• [Try it]
Write out, please, each line from the one containing "Лифтбек Skoda Octavia 2001 в Львове" to the final line of the data, both included, exactly and without pictures.

________________________

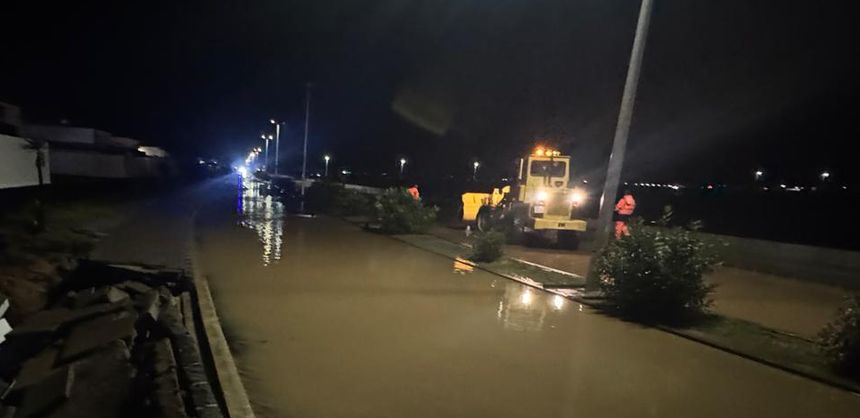 Hasta última hora de la noche estuvieron achicando agua.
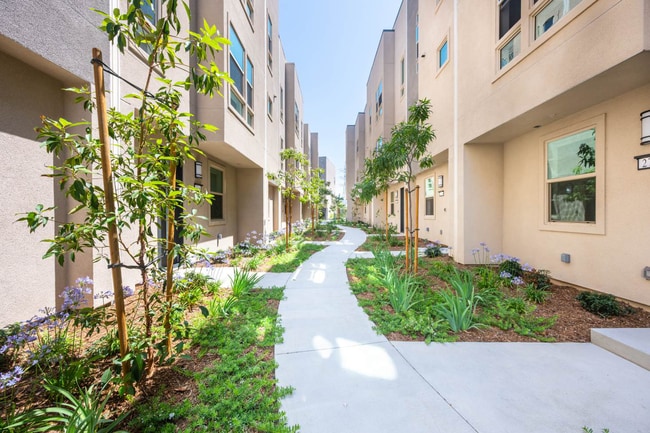 Building Photo - Lilian Frogtown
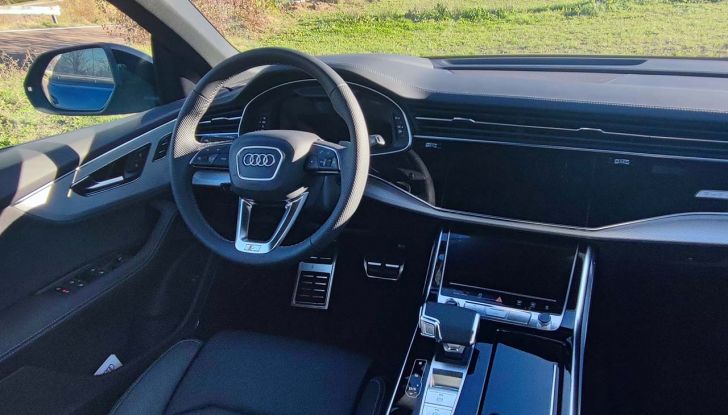 Audi Q8 2023: prova su strada e prezzi del restyling del SUV tedesco - Foto 16 di 22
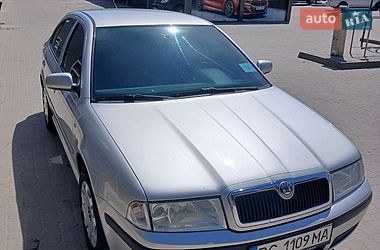 Лифтбек Skoda Octavia 2001 в Львове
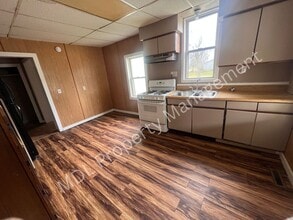 Building Photo - 401 Litchfield St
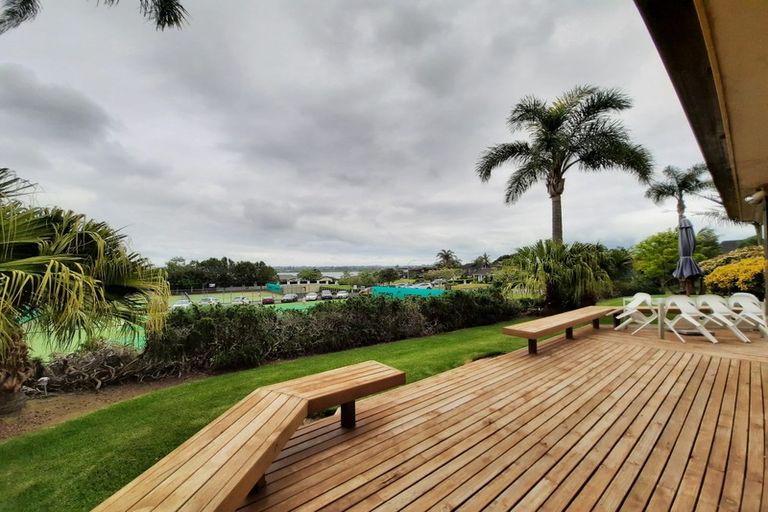 Photo of property in 2 Oleander Point, Farm Cove, Auckland, 2012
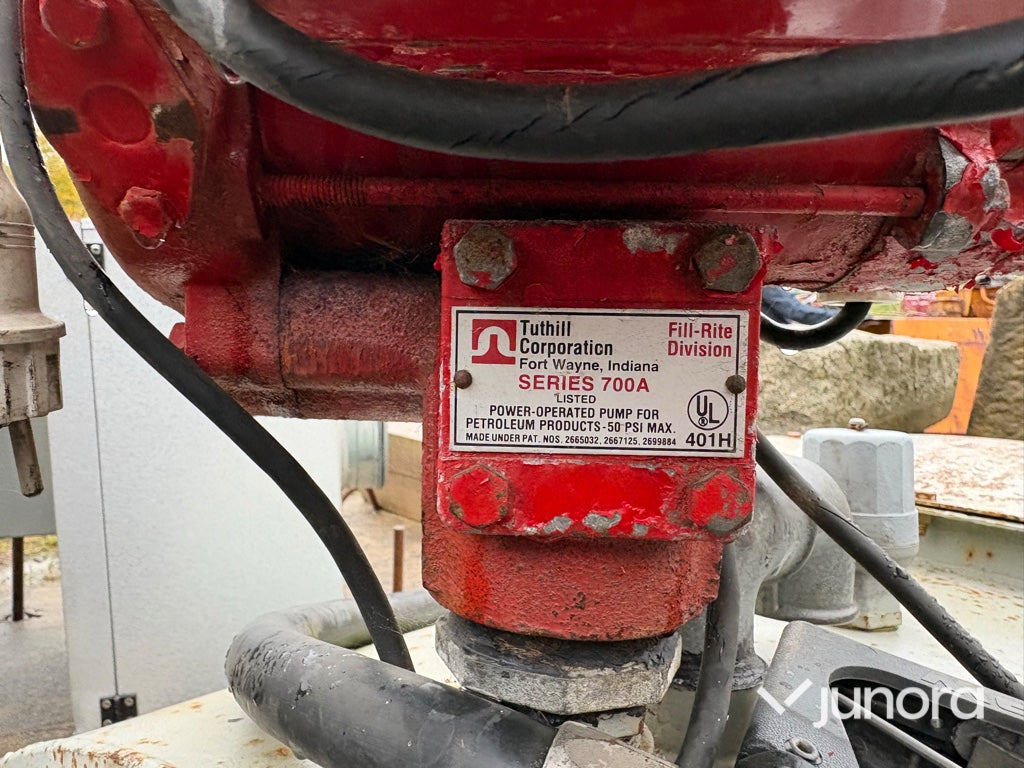 Bränsletank med pump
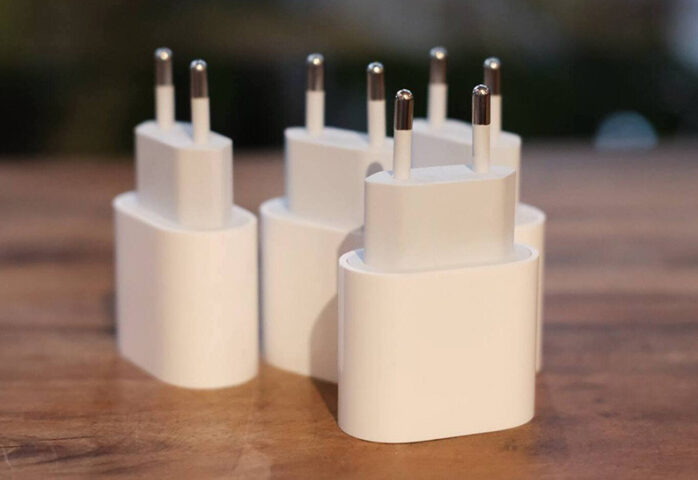 Bộ sạc adapter và ảnh hưởng đến công thức tính thời gian sử dụng pin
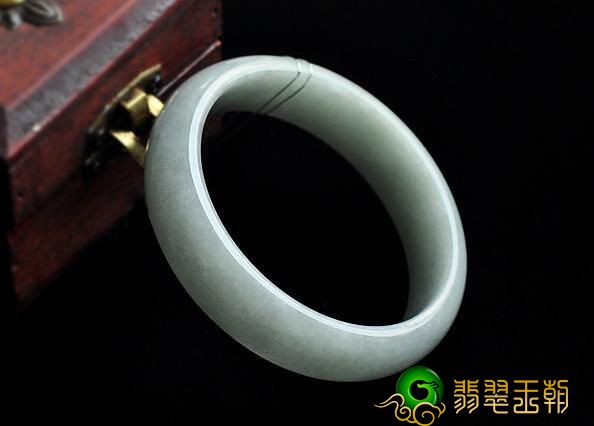 买翡翠除了辨别真假之外，还有什么是重要的？   第2张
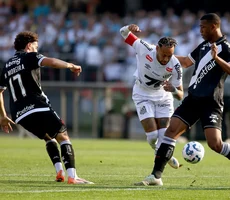 Coutinho supera Neymar, e Vasco humilha o Santos com goleada no Brasileirão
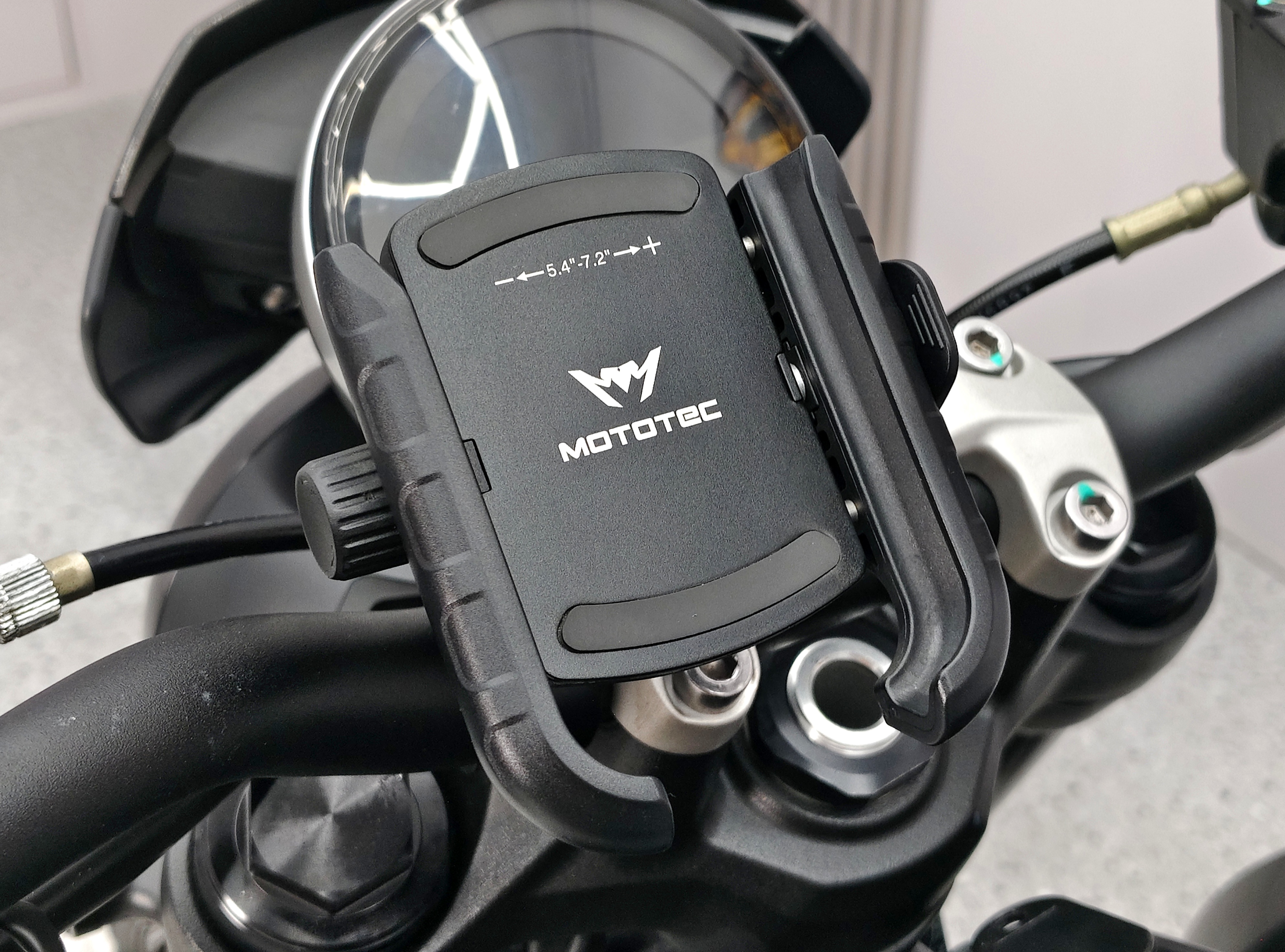 ขี่ดีคล่องตัว TRIUMPH TRIDENT660 ปี 2021 รถสวยวิ่งน้อยโปรโมชั่นโดนๆ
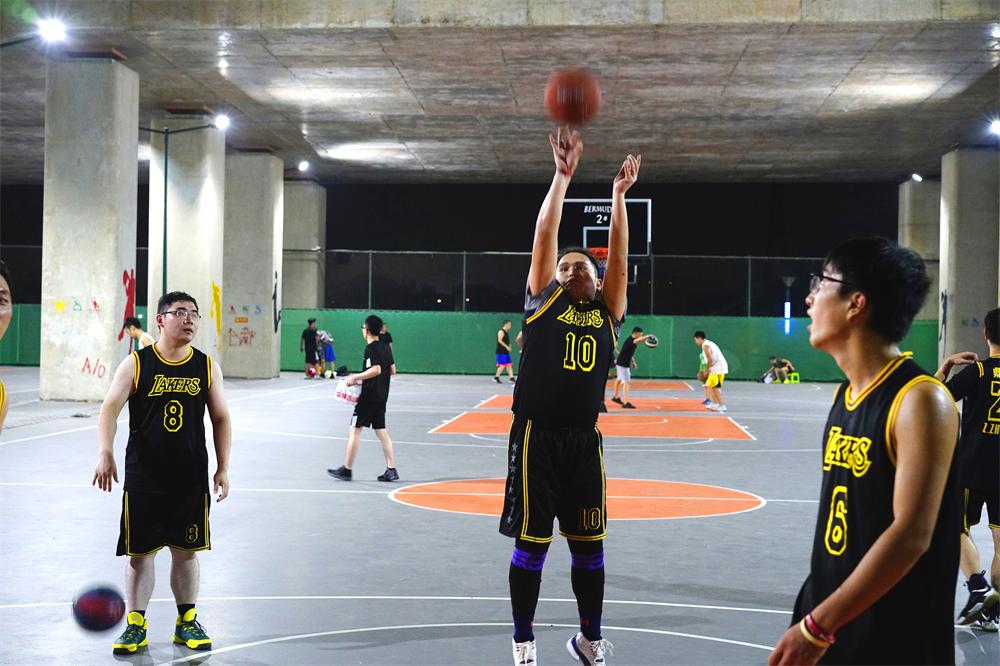 午夜精品射精入后重之免费观看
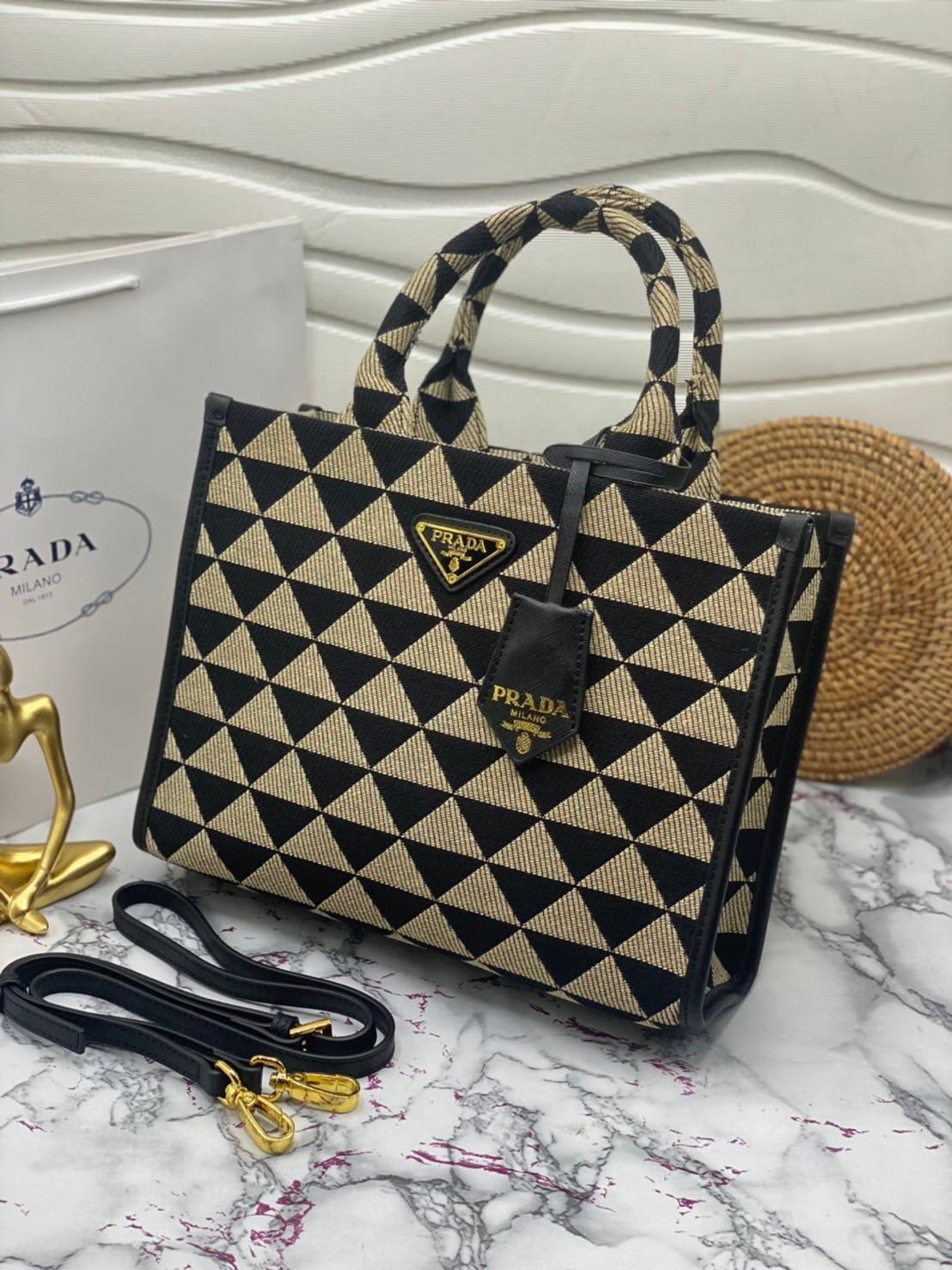 PRADA Small Prada Symbole jacquard fabric handbag แบบใหม่ล่าสุดจากแบรนด์ดัง จัดให้แบบเลิศๆ กับกระเป๋าทรงโท้ท สวยเอกลักษณ์ ภายในโล่งกว้างมาก ใส่ของแบบแน่นๆ จุๆไปได้เลย หมดห่วง!! และยังมีสายครอสบอดี้มาให้ จะสะพายชิคๆคูลๆ จะถือแบบปังๆ ก็เอาอยู่ทุกลุค ราคาคุ้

________________________

• [Expected output]
 Лифтбек Skoda Octavia 2001 в Львове
 Building Photo - 401 Litchfield St
 Photo of property in 2 Oleander Point, Farm Cove, Auckland, 2012
 Bränsletank med pump
 Bộ sạc adapter và ảnh hưởng đến công thức tính thời gian sử dụng pin
 买翡翠除了辨别真假之外，还有什么是重要的？   第2张
 Coutinho supera Neymar, e Vasco humilha o Santos com goleada no Brasileirão
 ขี่ดีคล่องตัว TRIUMPH TRIDENT660 ปี 2021 รถสวยวิ่งน้อยโปรโมชั่นโดนๆ
 午夜精品射精入后重之免费观看
 PRADA Small Prada Symbole jacquard fabric handbag แบบใหม่ล่าสุดจากแบรนด์ดัง จัดให้แบบเลิศๆ กับกระเป๋าทรงโท้ท สวยเอกลักษณ์ ภายในโล่งกว้างมาก ใส่ของแบบแน่นๆ จุๆไปได้เลย หมดห่วง!! และยังมีสายครอสบอดี้มาให้ จะสะพายชิคๆคูลๆ จะถือแบบปังๆ ก็เอาอยู่ทุกลุค ราคาคุ้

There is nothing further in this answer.